◆ **Exercise brief**: Your task is to reproduce the listing exactly, without its images.

◆ **Data segment**:
====

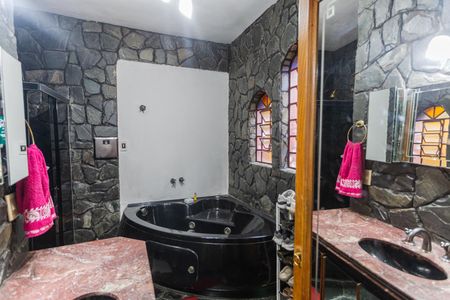 Casa à venda com 300m², 3 quartos e 2 vagasBanheiro da Suíte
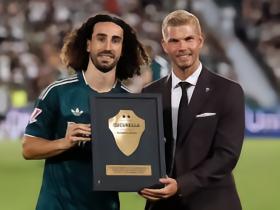 埃尔切向库库赠送纪念牌，致敬其随西班牙夺得2026世界杯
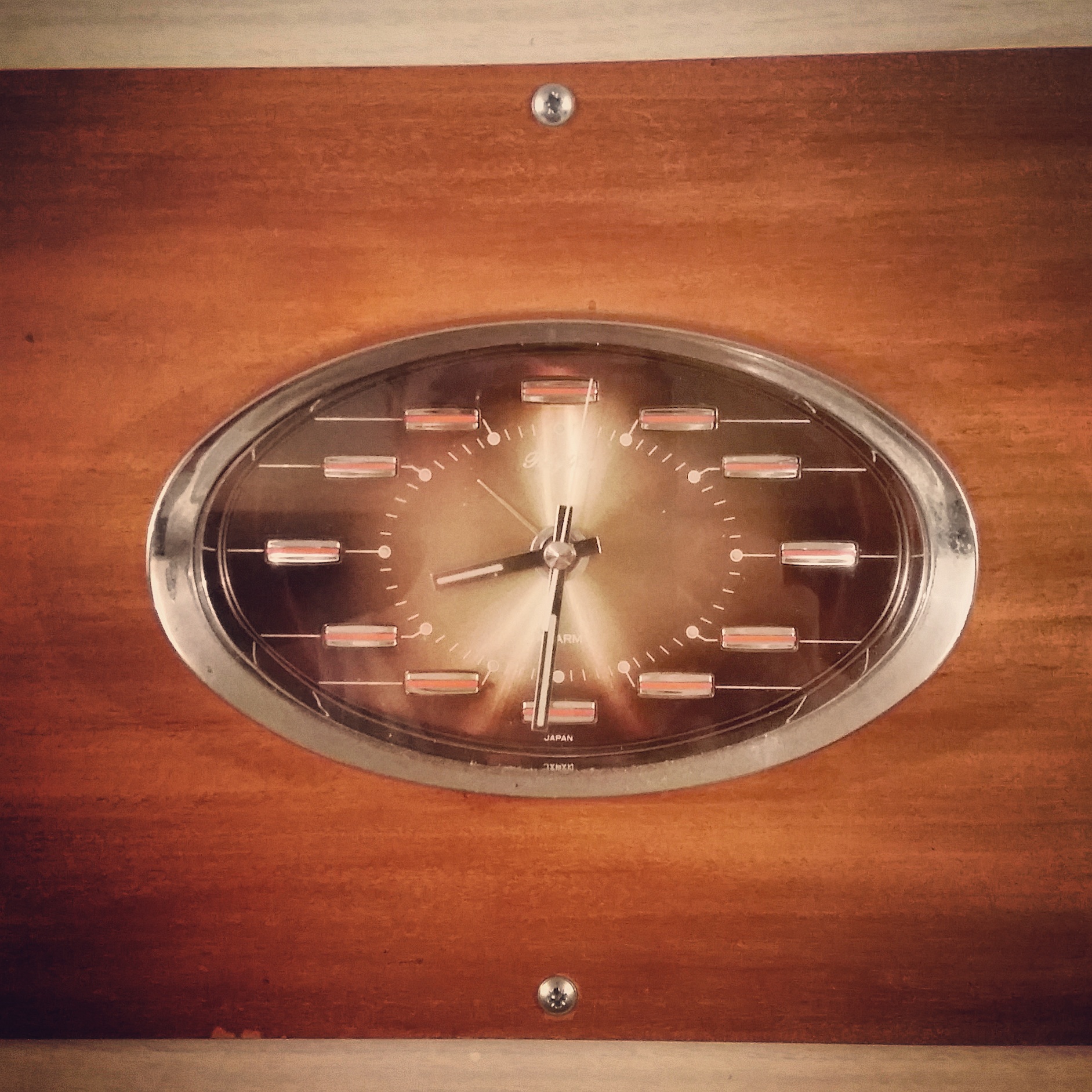 Vintage-ness - a wind up clock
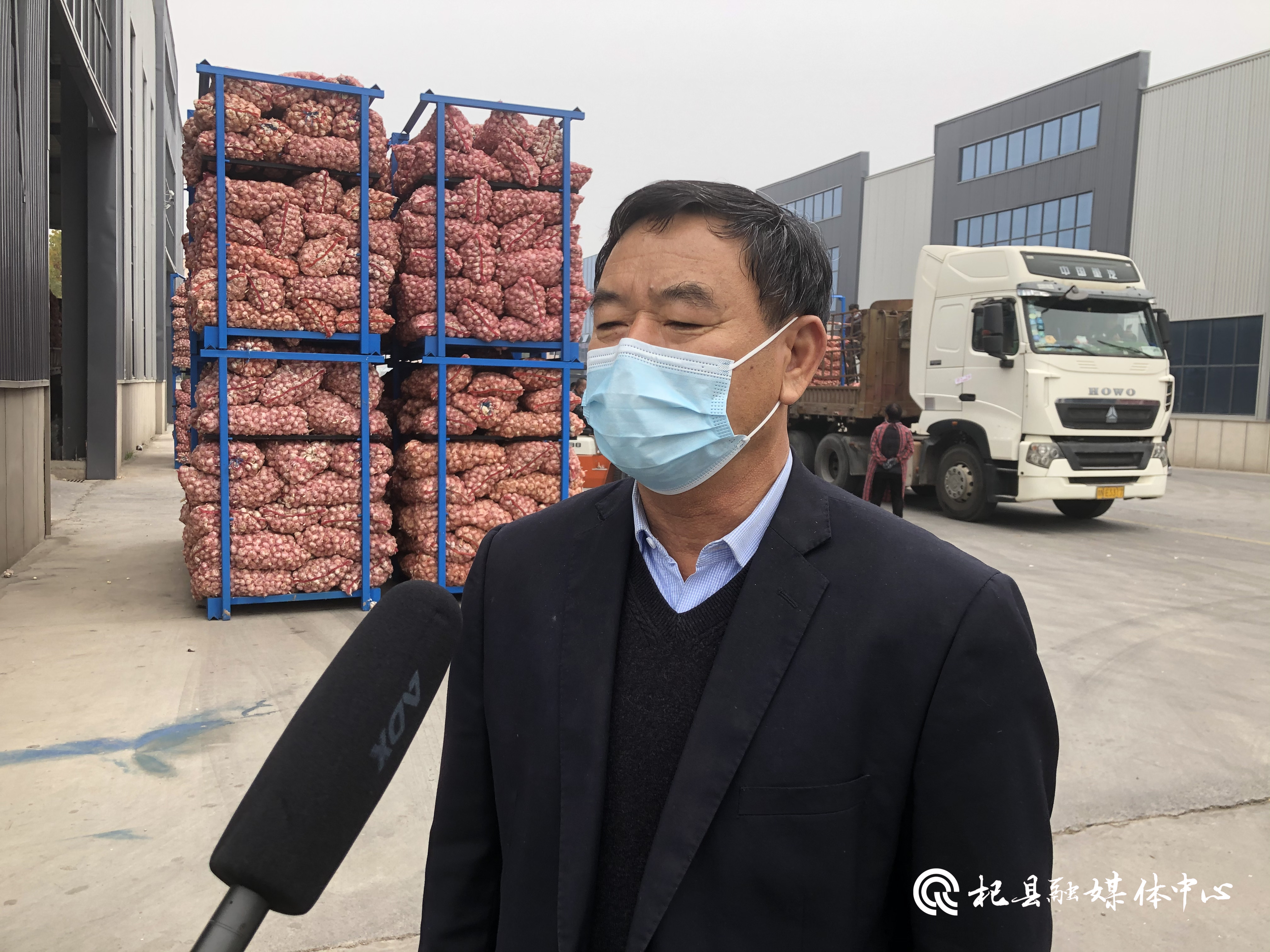 任文群_副本.jpg 任文群_副本.jpg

====

◆ **Result for this task**:
 Casa à venda com 300m², 3 quartos e 2 vagasBanheiro da Suíte
 埃尔切向库库赠送纪念牌，致敬其随西班牙夺得2026世界杯
 Vintage-ness - a wind up clock
 任文群_副本.jpg 任文群_副本.jpg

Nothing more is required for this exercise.